The audiences, of course, were concerned with whether the plot was interesting or dull, but chiefly they demanded memorable performances. For example, Chushingura, generally accepted as Japan’s most popular play, draws crowds only if the actors are well known. People go to the theater because they want to see a particular actor in a particular role.

This emphasis on acting is taken with intense seriousness by performers and audience alike. A Kabuki actor’s technique is acquired only after long years of rigorous training. It is a hereditary art and indeed, if an actor has no son of his own, he will adopt one to continue the tradition of his acting name. The children begin their onstage Kabuki experience from the age of five but by that time they are already playing with grease paint and stage properties instead of toys. Normally, the perfection and full-blown maturity of a Kabuki actor’s art does not come until his late middle age or even his old age.

Kabuki actors must attain not only great control of the voice, for their parts are spoken in a “high” recitative style which employs many nuances of tone and inflection, but also perfection of graceful movement since dance is an integral part of the play, used to heighten dramatic effect and underscore emotion. Thus in the scene from Yoshitsune and the Ten Thousand Cherry Trees which is sketched by our artist as an example of Kabuki dance and in the cover illustration for this collection which is from an actual Kabuki-Za poster for the same play, we see the Lady Shizuka miming in dance the story of her love for Lord Yoshitsune. This dance is called a “travel dance” because Shizuka is fleeing from the enemies of her beloved. Yoshitsune is in hiding, but he has given Shizuka a magical drum, telling her to play on it if she needs help. When she does so, the faithful retainer Tadanobu suddenly appears. Take note of the make-up of Tadanobu’s face: he is in reality a fox who can change himself into a man!
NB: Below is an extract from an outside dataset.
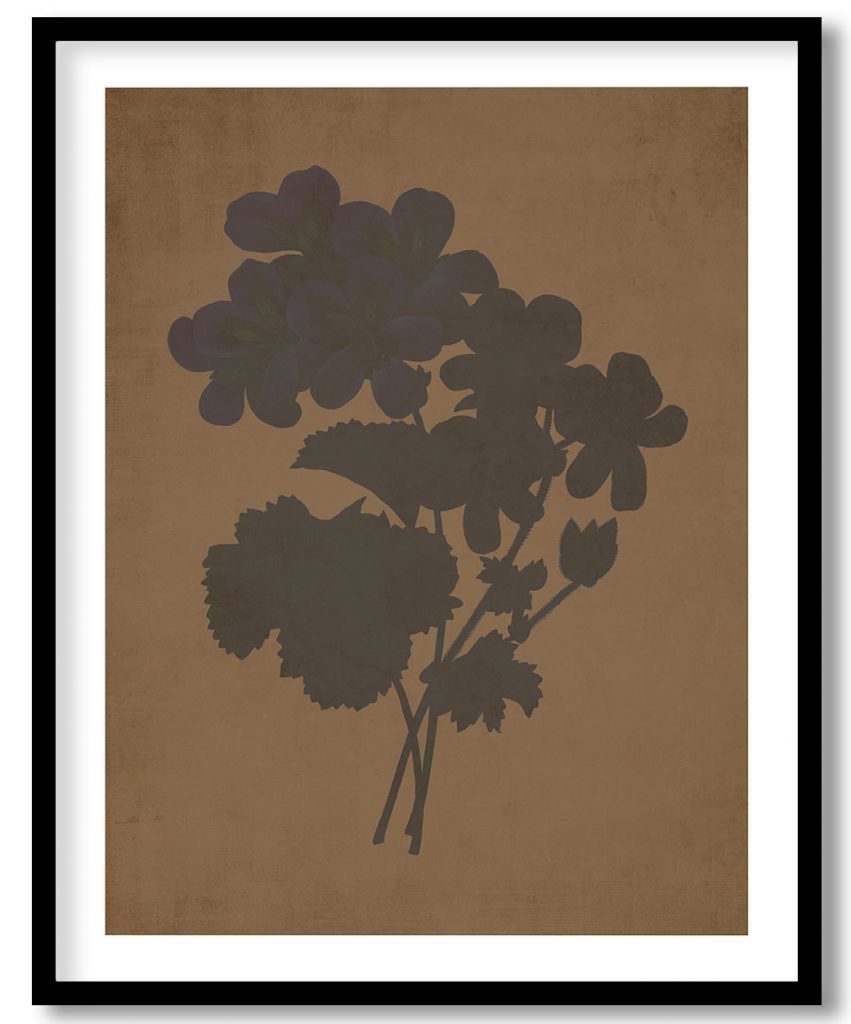 Geranium botanical - Walnut Pressed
Transformations such as these are common in “period” Kabuki and the Japanese audience finds nothing ludicrous in the intrusion of the supernatural in a historical play.

In fact, if we analyze Kabuki in psychological terms we find that much of its aesthetic appeal resides in the interplay of fantasy and narrative. In “period” Kabuki everything is stylized, nothing too realistic. Musical accompaniment is rendered by samisen players who sit either at the back of the stage or on a platform beside it and “side-singers” chant parts of the story as it unfolds. This is poetic drama and its values are akin to those of ritual. Kabuki is not religious but it exploits the emotional appeal of legend and myth.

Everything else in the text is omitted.